┌──

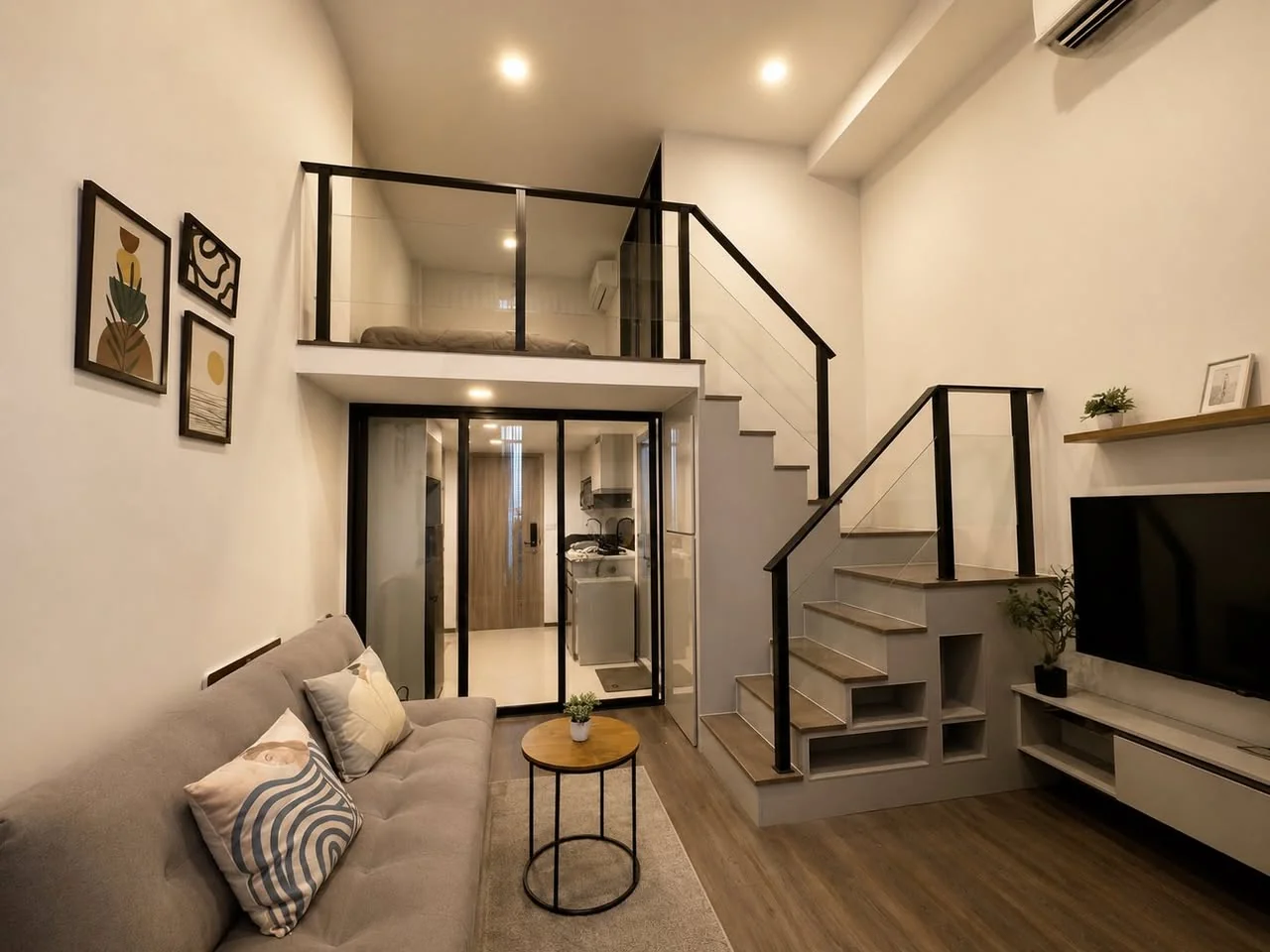 1 Bedroom condo in Knightsbridge Space Ratchayothin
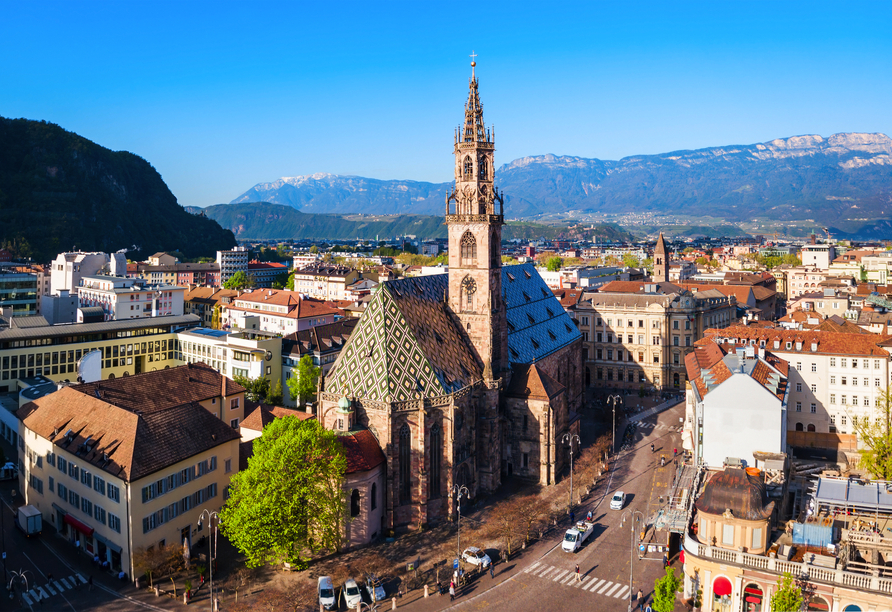 Besuchen Sie auch die ca. 50 km entfernte Provinz Bozen.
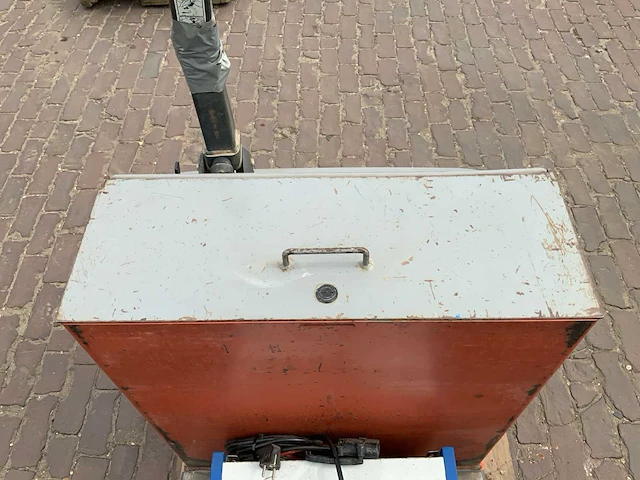 Lafis elektrische palletwagen - afbeelding 7 van  7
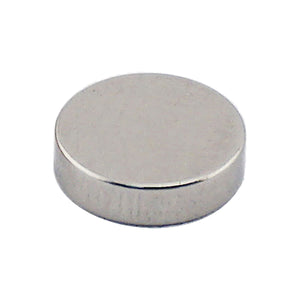 ND45-3710N Neodymium Disc Magnet - 45 Degree Angle View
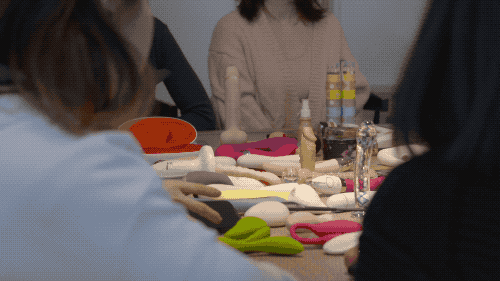 Sex toy offline training camp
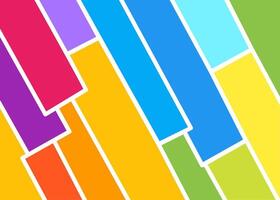 tile background colorful vector
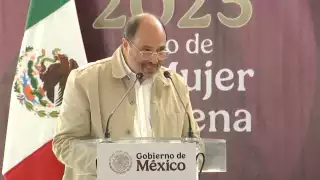 Lázaro Cárdenas Batel, jefe de la Oficina de la Presidencia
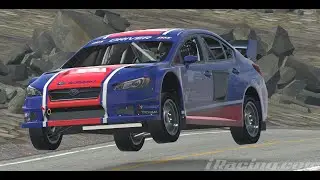 iRacing | Subaru WRX STI at Mount Washington: 5: 28.195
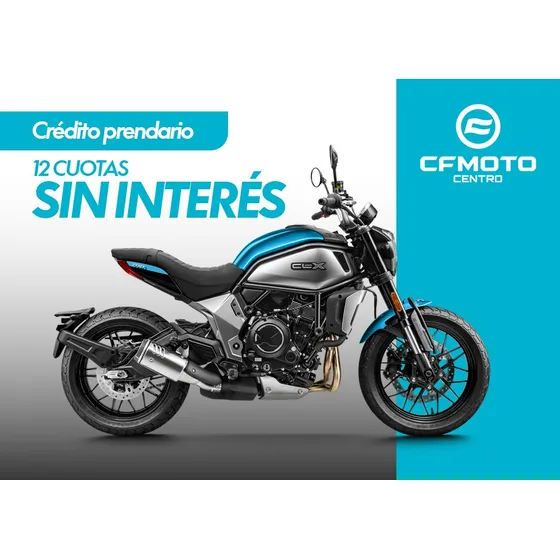 Cfmoto Clx 700 Heritage Cfmoto Centro Lidermoto! Disponible
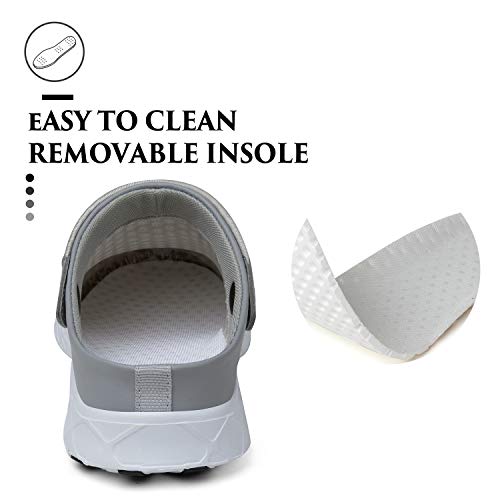 Saguaro WADING081BE47 Men'S Women'S Quick Dry Garden Shoes Lightweight Gardening Clog Shoes Water Sandals thumb #4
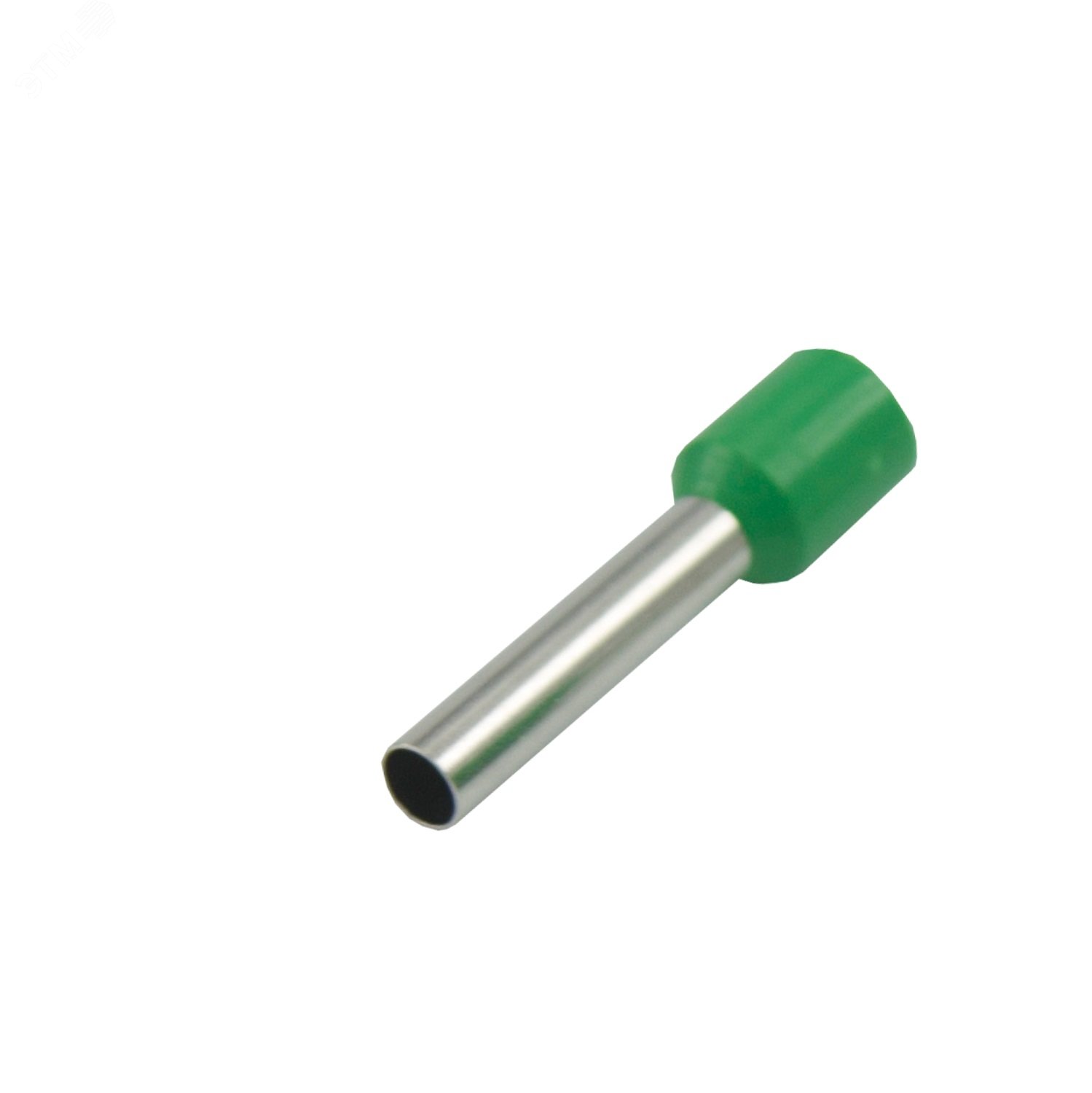 Изображение товара Наконечник штыревой втулочный изолир F-18 мм 6 кв мм (НШВи 6.0-18) зеленый, REXANT (шт)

└──

→ **Task**
The lines from the start of the data through the line that contains "tile background colorful vector" are to be returned exactly, please, with both ends included and every picture left out.

→ **Problem solution**
 1 Bedroom condo in Knightsbridge Space Ratchayothin
 Besuchen Sie auch die ca. 50 km entfernte Provinz Bozen.
 Lafis elektrische palletwagen - afbeelding 7 van  7
 ND45-3710N Neodymium Disc Magnet - 45 Degree Angle View
 Sex toy offline training camp
 tile background colorful vector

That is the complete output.